EXERCISE AIM: Transcribe the lines exactly, beginning with the one that contains "2025 Mitsubishi Pajero Sport Exceed QG" and ending with the final line of the records. Do not transcribe pictures.

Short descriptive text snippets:
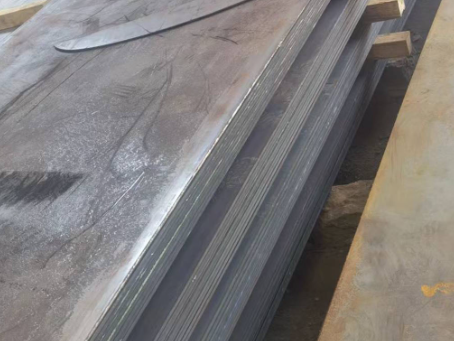 嵊泗15CrMo合金钢板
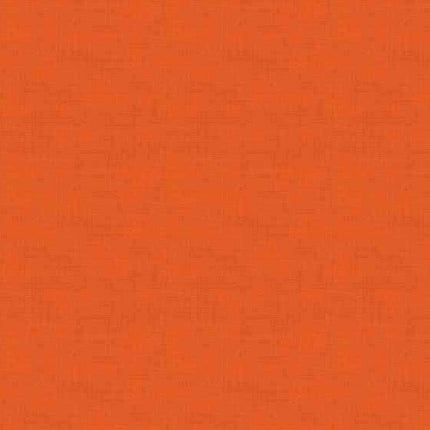 Makower Fabric | Linen Texture | Tomato N8 - 1473 N4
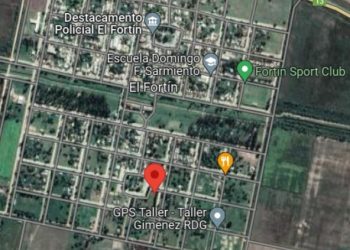 El Fortín: Atacan con cuchillo a un hombre en la vía pública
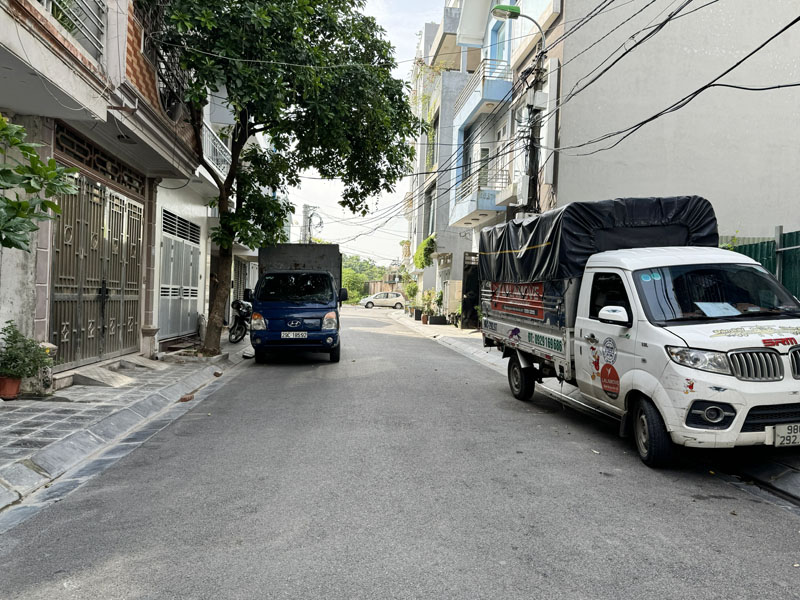 Bán Đất TĐC Hồ Đắp Nếp - Tư Đình 75,5m2: Sát Cầu Trần Hưng Đạo, View Hồ, Đầu Tư Đỉnh 3
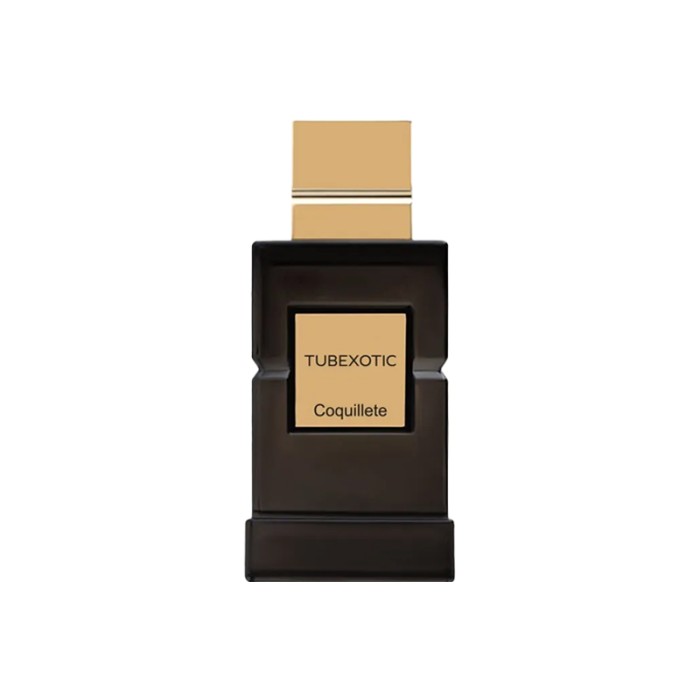 COQUILLETE - TUBEXOTIC EXTRAIT DE PARFUM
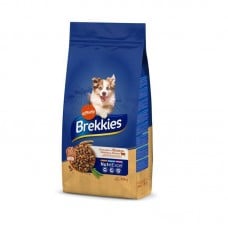 Brekkies Dog Lamb сухой корм для собак всех пород с ягненком 20 кг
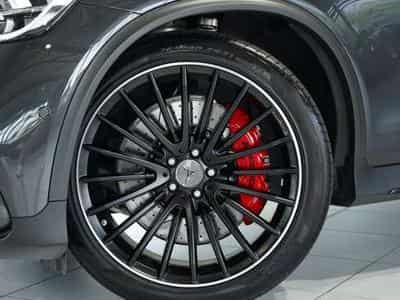 Mercedes GLC 63 AMG S Coupé 4M *21 *Schale*GSD*Perf-AGA (2023) - Photo 3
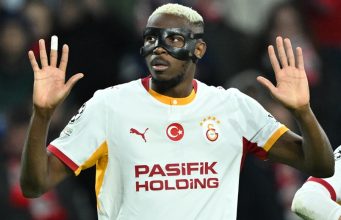 Osimhen Wishes Lille Good Luck In All Their Subsequent UEFA Champions League Fixtures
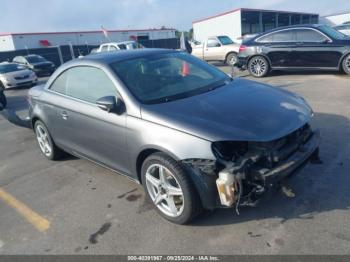  Salvage Volkswagen Eos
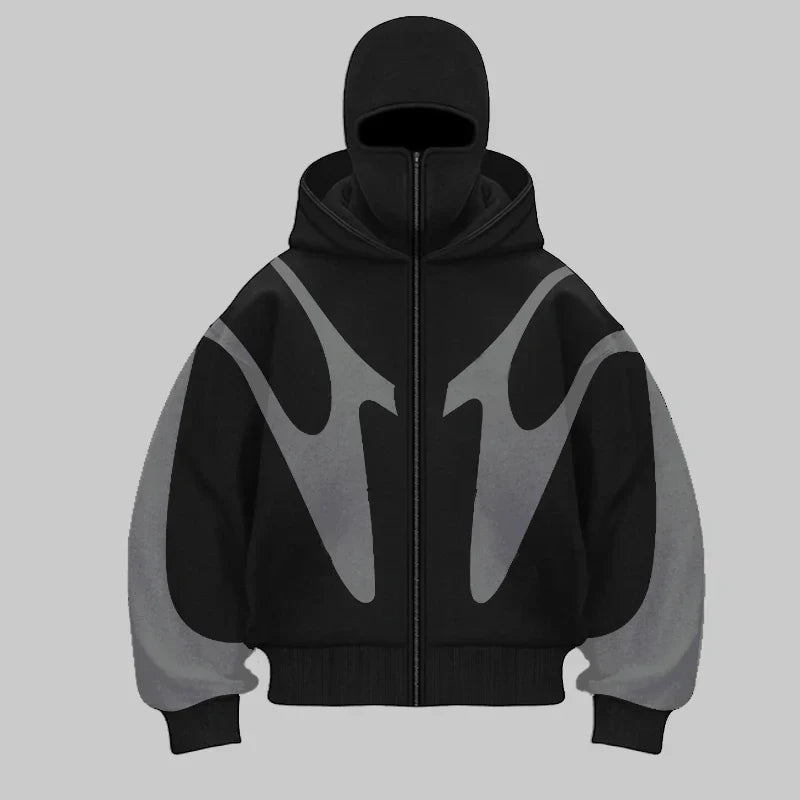Balaclava with Hood Fashion Style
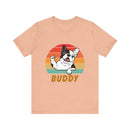 Buddy Unisex Jersey Short Sleeve Tee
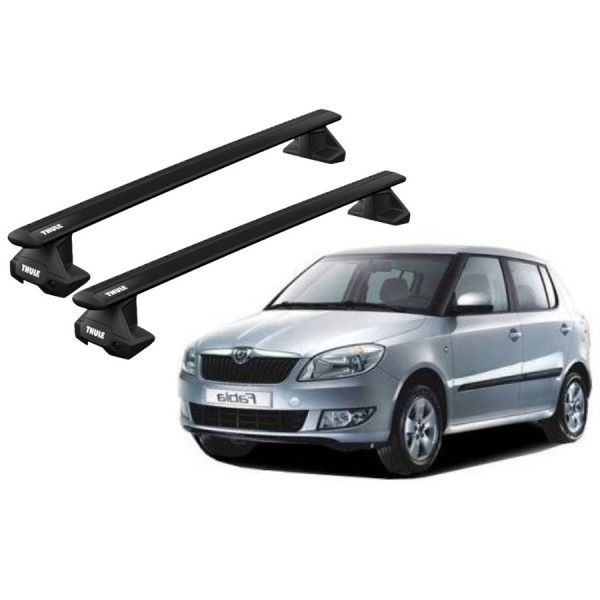 Barras Thule SKODA Fabia...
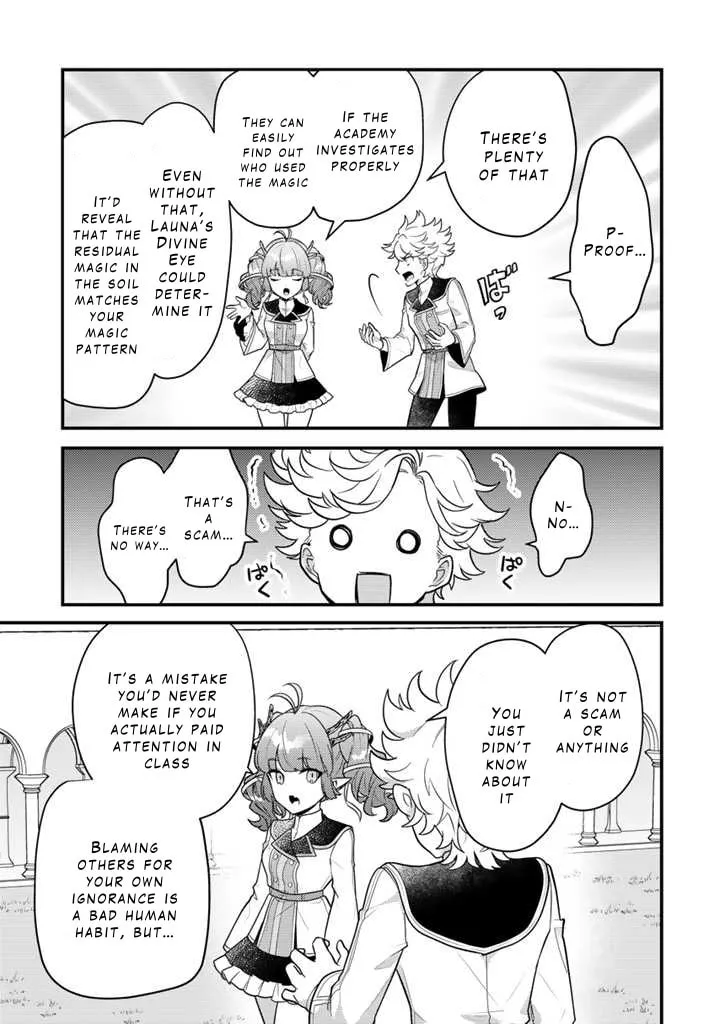 The Strongest Raised by Dragons Chapter 19 page 11 - 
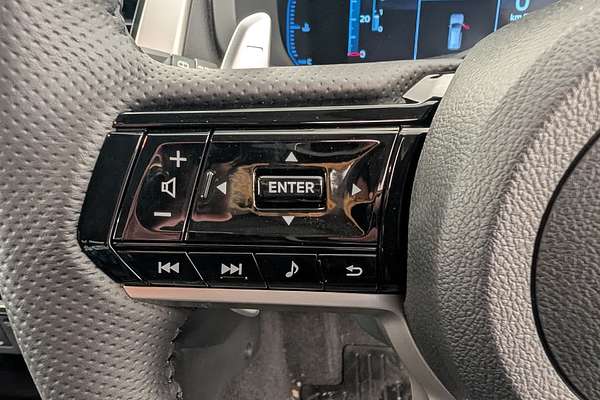 2025 Mitsubishi Pajero Sport Exceed QG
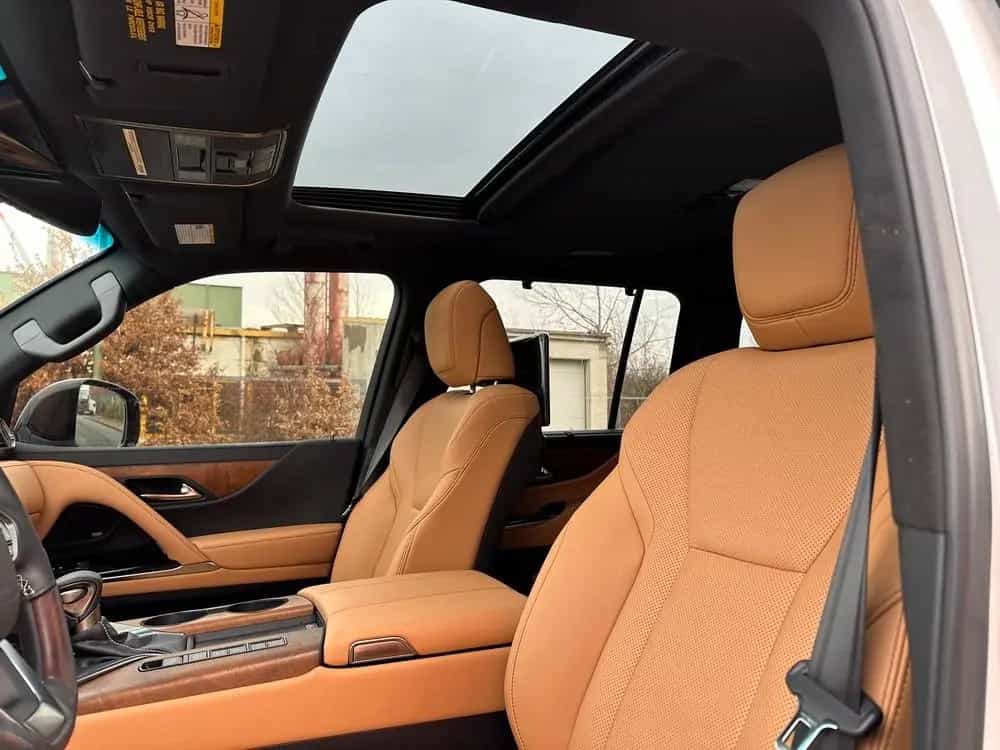 Lexus LX 600 Luxury IN STOCK BH/Full options/NO VAT! 04/2026-photo-16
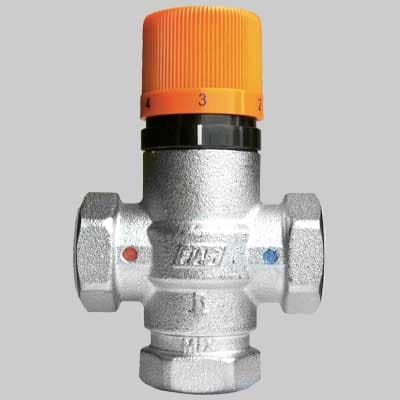 Miscelatore Termostatico per Impianti Solari Far ¾ - 2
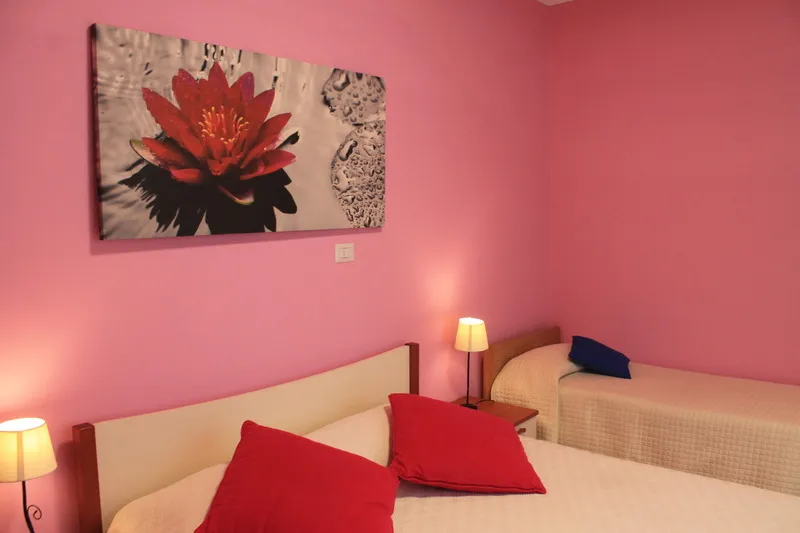QUADRUPLE STANDARD Room, Albergo Paradiso, Milan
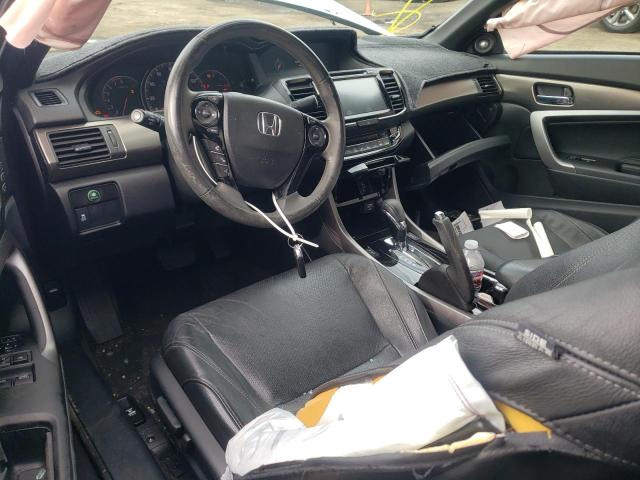 2017 HONDA ACCORD EXL - 1HGCT2B86HA000157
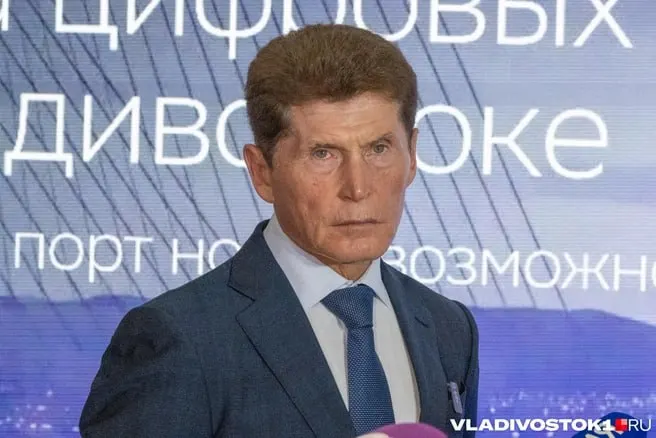 Депутаты единогласно поддержали кандидатуру Олега Кожемяко на должность полпреда президента в ДФО.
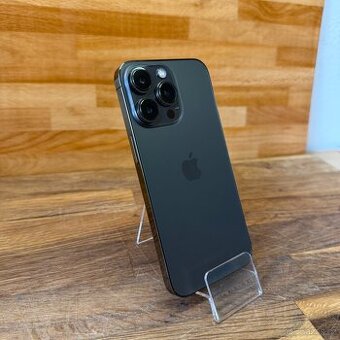 iPhone 13 Pro 128GB, tmavě šedý (rok záruka)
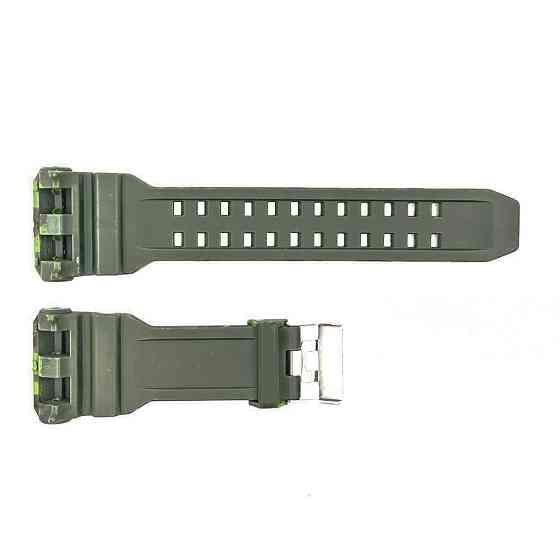 Ремешок для часов Skmei 1520CMGN Camo Green SBR Киев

ANSWER BOX:
 2025 Mitsubishi Pajero Sport Exceed QG
 Lexus LX 600 Luxury IN STOCK BH/Full options/NO VAT! 04/2026-photo-16
 Miscelatore Termostatico per Impianti Solari Far ¾ - 2
QUADRUPLE STANDARD Room, Albergo Paradiso, Milan
 2017 HONDA ACCORD EXL - 1HGCT2B86HA000157
 Депутаты единогласно поддержали кандидатуру Олега Кожемяко на должность полпреда президента в ДФО.
 iPhone 13 Pro 128GB, tmavě šedý (rok záruka)
 Ремешок для часов Skmei 1520CMGN Camo Green SBR Киев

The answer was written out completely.